Myroslav POPOVYCH: "Disaster is not when there is evil from above... But when there is no difference between good and evil"

27 April, 1999 - 00:00

Interviewed by Diana KLOCHKO, The Day

At a time when the world arena is turning into a theater of war it might
perhaps be indecent to hold small talk behind the beige curtains. Mikhail
Bulgakov's dilemma of the contrast of being is anything but rhetorical
now that we are used to the idea that a happier future can be achieved
only by a major breakthrough, by attack and storm. It is not rhetorical
for the intelligentsia in the first place, because culture with its stable
traditions and search for a peaceful middle course gives way before the
militant onslaught of civilization with its cult of force.

Myroslav Popovych is one of the few intellectuals talking with whom
calms one's heart throbbing with the arrhythmia of cruel questions, which
is unfortunately now our standard rhythm. He practices the philosophy of
heart, so important to Ukrainian culture. He has turned into a model of
the Ukrainian intellectual, something we have needed so badly over the
past few years, perhaps because the bourgeois values of a stable and tolerant
lifestyle seemed to us a cure-all when faced with cataclysms. At present,
a humanitarian disaster is not a hair-raising prognosis counterbalanced
by well-wishing calls for heeding "the voice of the intellectuals." It
is a bitter reality we are faced with and which we have to resist as best
we can, overcoming fears of the future paralysis of our society. Thus we
turned to Mr. Popovych with the recurrent "accursed" question about the
impact of such daily tranquil lifestyle on national culture and whether
intellectuality is threatened with extinction.

The Day: Academician Popovych, we have lived through the period
of heated debates about the intelligentsia, its role in the life of the
nation, and its relationship with the existing regime. Now the question
is whether the intelligentsia is necessary for its own sake.

M. P.: Among ourselves and at home this is all we talk about,
but all our activity come to naught, for in reality no one needs us. It
would be a sin for me to berate those in power, especially after they promised
good pensions when celebrating the National Academy's anniversary (if they
pay them at all). But such meetings, are not the point. The state need
not make us any presents but only make it possible for us to live and work.
We don't need their love. We know the dangers of being the master's pet.
All we need is for them to see to it that we have a proper cultural environment.

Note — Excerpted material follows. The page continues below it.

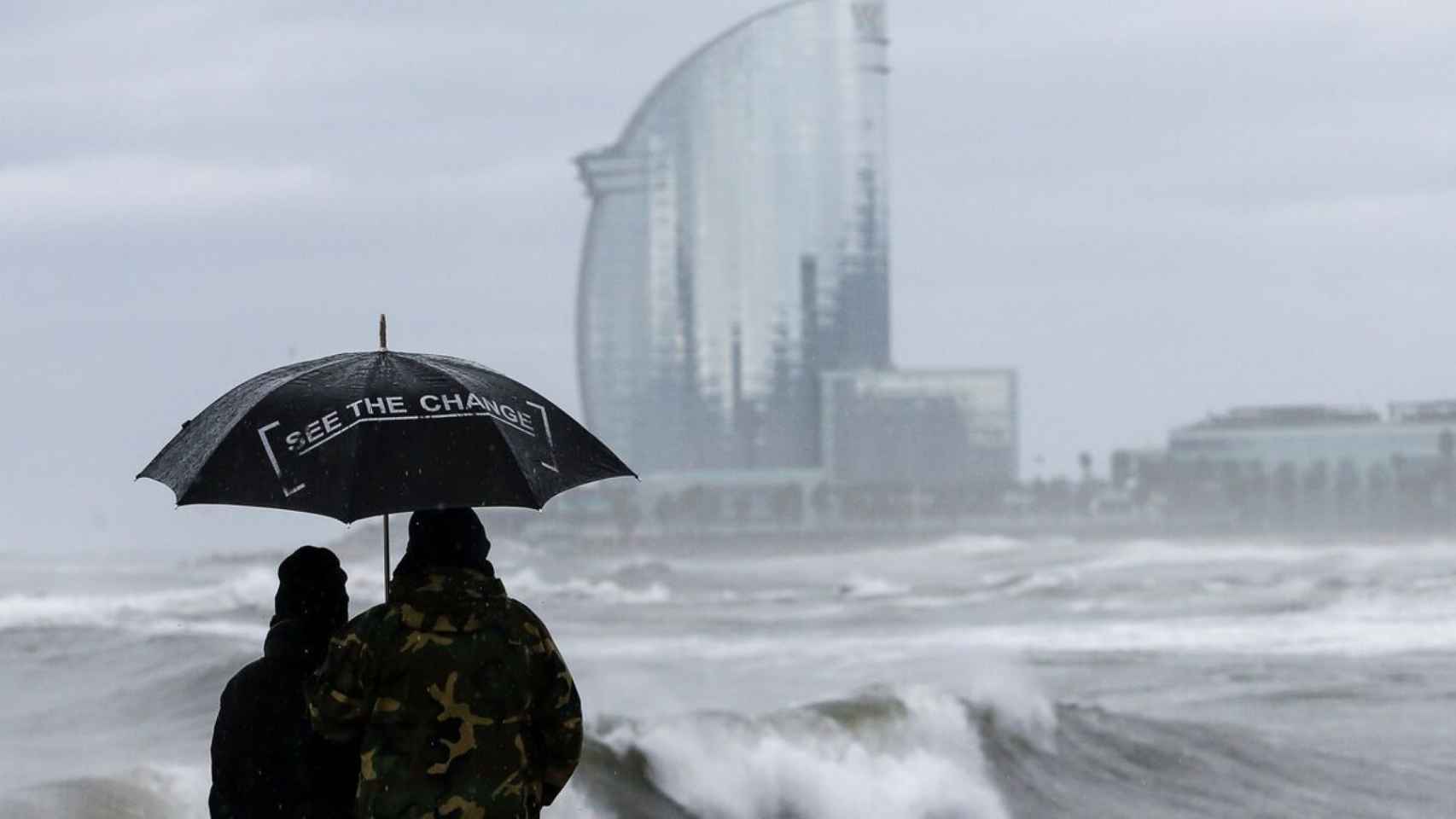 Personas observan las olas en Barcelona en una imagen de archivo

The state is the Leviathan of Thomas Hobbes. One need not love the state.
I love culture and I have treated it as the most precious treasure all
my life. Why should I love the housing department or militia? They are
paid to protect me. The state should serve culture. We wanted our own state
so much, but it cannot provide more than it can provide. It is a rigid
structure and has to set up institutions in which people can live with
confidence. In fact, all our economic hardships are not because we have
no institutions capable of securing a viable economy existing independently
of the state. We started loving the economy through the lips of the state
and the result is that we have powerful clans made up of people with only
one advantage: they can allow, forbid, and take money for this unlawful
prerogative. We need the state not to pray for but to give us the chance
to live in peace.

The Day: Could this be just another myth about Mother-Ukraine
that will one day foster a flourishing culture?

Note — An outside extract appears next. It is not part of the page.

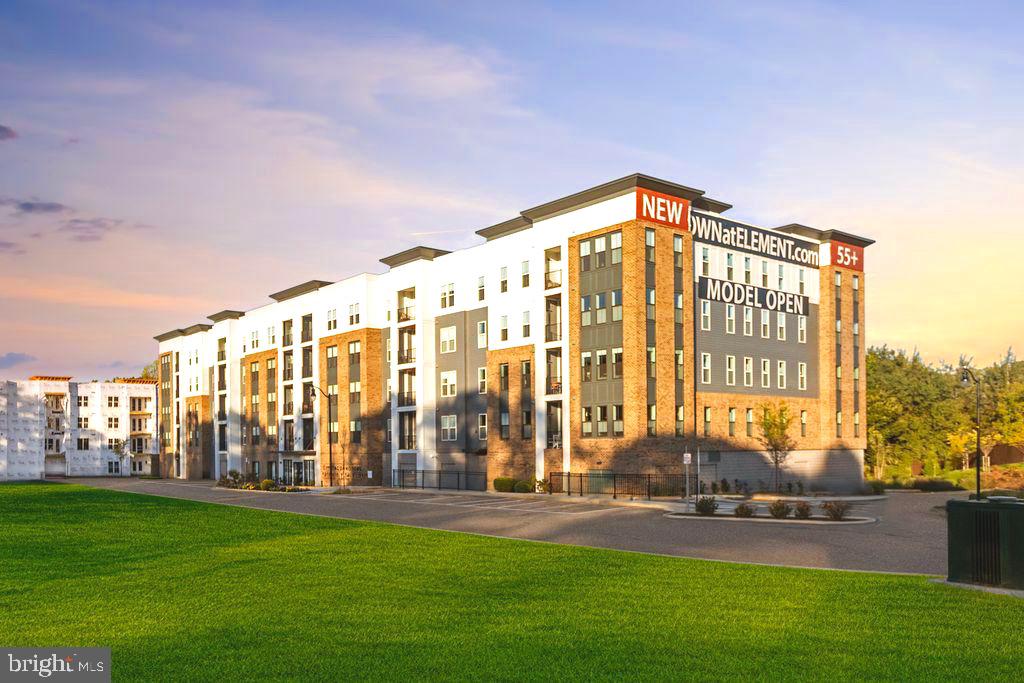 a view of building with yard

M. P.: Our public and political life is such that by chopping
off pieces, getting culturally isolated, we can achieve nothing. Demythologization
has already taken place, and things changed so fast that it begot cynicism,
including a cynical attitude toward the state. Thank God we harbor no dreams
of military glory, and all attempts to romanticize the tragic bloody pages
from our history (as was the case with the Ukrainian Insurgent Army) have
failed. Neither myth-making nor demythologization can be successful today.
Something real has to be done.

The Day: You say real. Does this mean that we should start
fighting? The Yugoslav conflict is a very harsh reality, a war started
by people doing real things.

M. P.: I think that no ethnic or religious wars are fought for
a just cause. NATO's military approach to the conflict will achieve nothing,
even though they are resolved to crush what is left of the dictatorships
that remain in this century. This war is a return to old methods of solving
problems. Sharpening the crisis only strengthens Milosevic's position.
The politicians' standards of conduct has led to a dead end, because they
can't go back on their word and the saber-rattling in Verkhovna Rada is
evidence that the Left is prepared to concede everything possible to Russia.

The Day: What about all those calls for harmony, understanding,
and unity? Another myth?

M. P.: I do not doubt for a moment that a minimum of harmony
is necessary in society. It would be even worse if we started thinking
that our hatred is someone else's doing. This would mean another witch-hunt.
None of those claiming any important posts has the moral right to shout
"get him!" Not for any social, ethnic, or religious reasons. And what sort
of harmony do we mean? Hryhory Yavlinsky said once let us make our tax
returns so simple they could be filled out in five minutes. Let us institute
a 10% individual and 20% corporate. Now that's harmony.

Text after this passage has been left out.